---- Entries provided

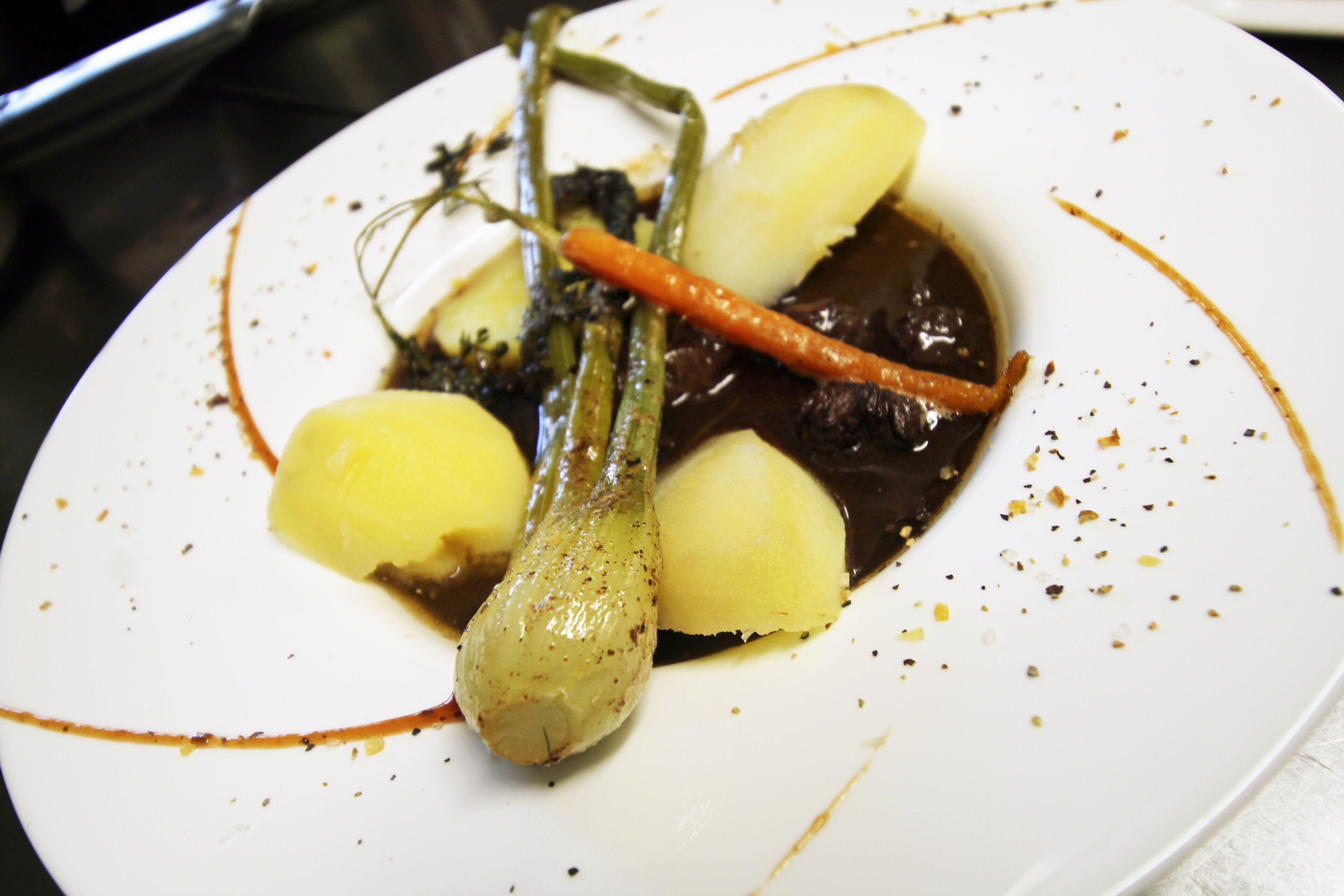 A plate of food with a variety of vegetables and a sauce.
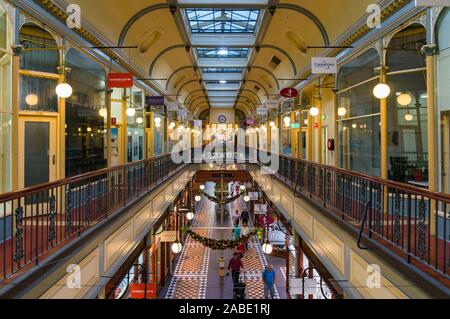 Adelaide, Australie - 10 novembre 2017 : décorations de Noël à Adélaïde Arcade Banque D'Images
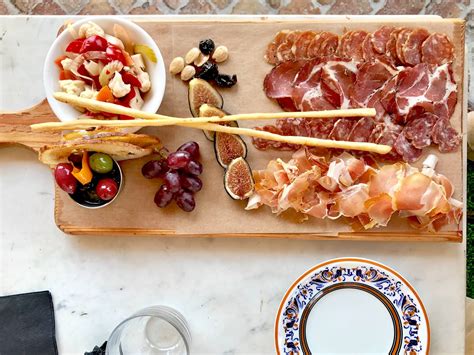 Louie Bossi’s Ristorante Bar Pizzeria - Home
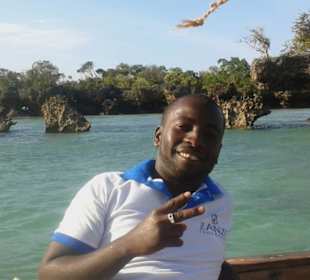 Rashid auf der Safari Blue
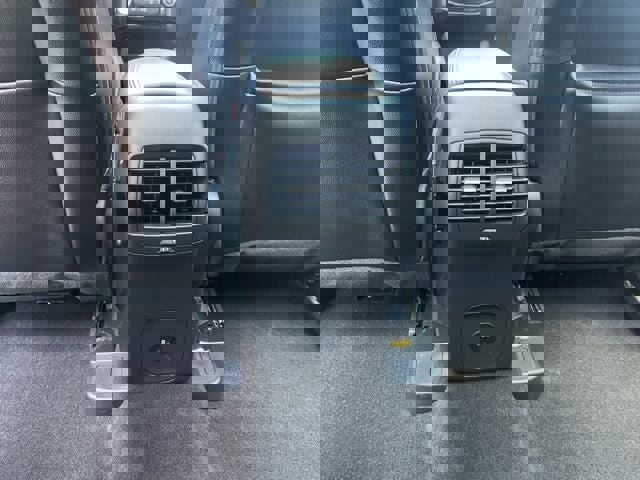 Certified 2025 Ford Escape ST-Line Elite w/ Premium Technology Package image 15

--------
---- Entries provided

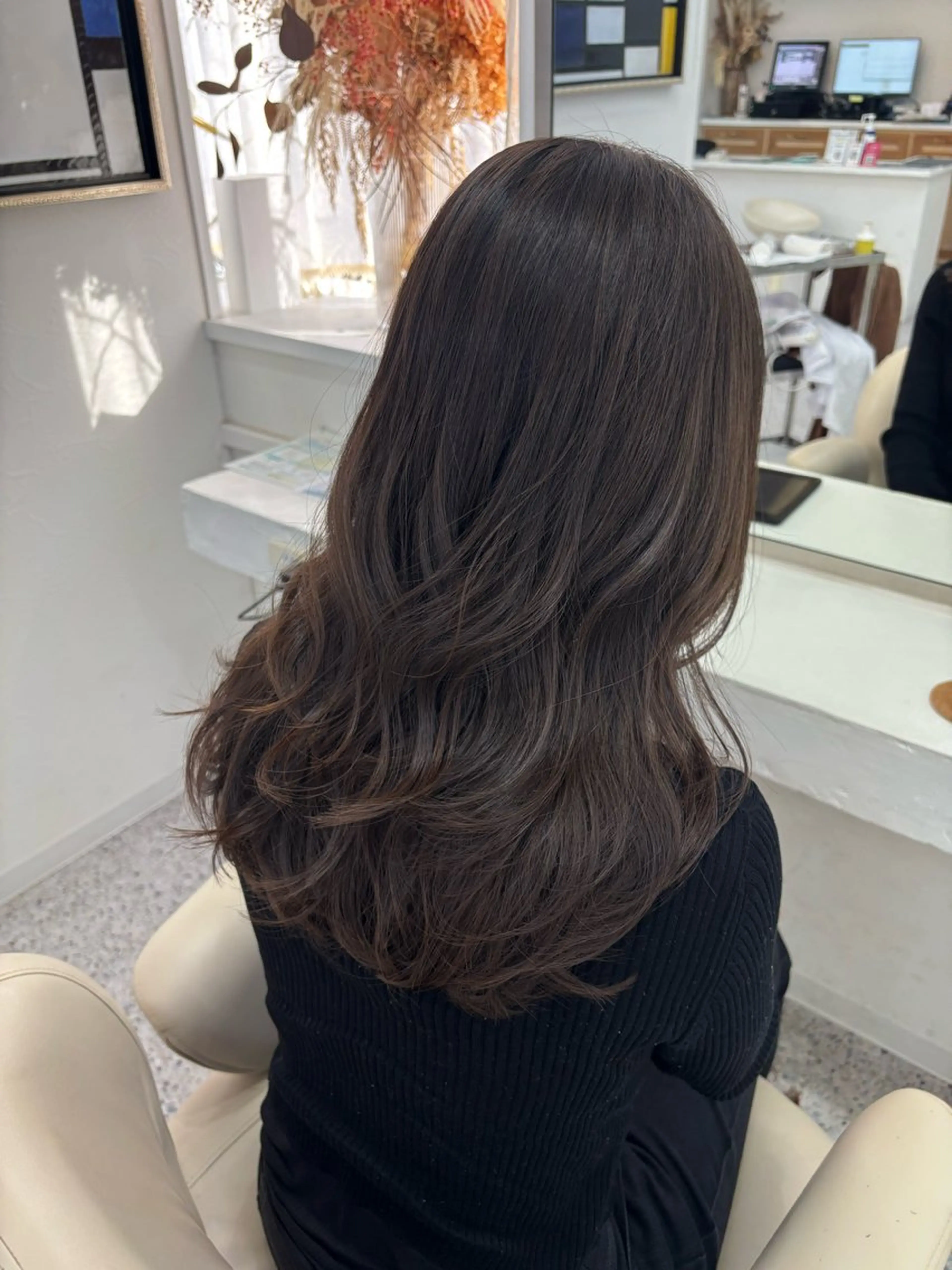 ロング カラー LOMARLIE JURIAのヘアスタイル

--------

• [The problem] Output only the stretch above from the line with "A plate of food" through the line with "Certified 2025 Ford", reproduced exactly. Exclude pictures.

• [Reply to the exercise]
 A plate of food with a variety of vegetables and a sauce.
 Adelaide, Australie - 10 novembre 2017 : décorations de Noël à Adélaïde Arcade Banque D'Images
 Louie Bossi’s Ristorante Bar Pizzeria - Home
 Rashid auf der Safari Blue
 Certified 2025 Ford Escape ST-Line Elite w/ Premium Technology Package image 15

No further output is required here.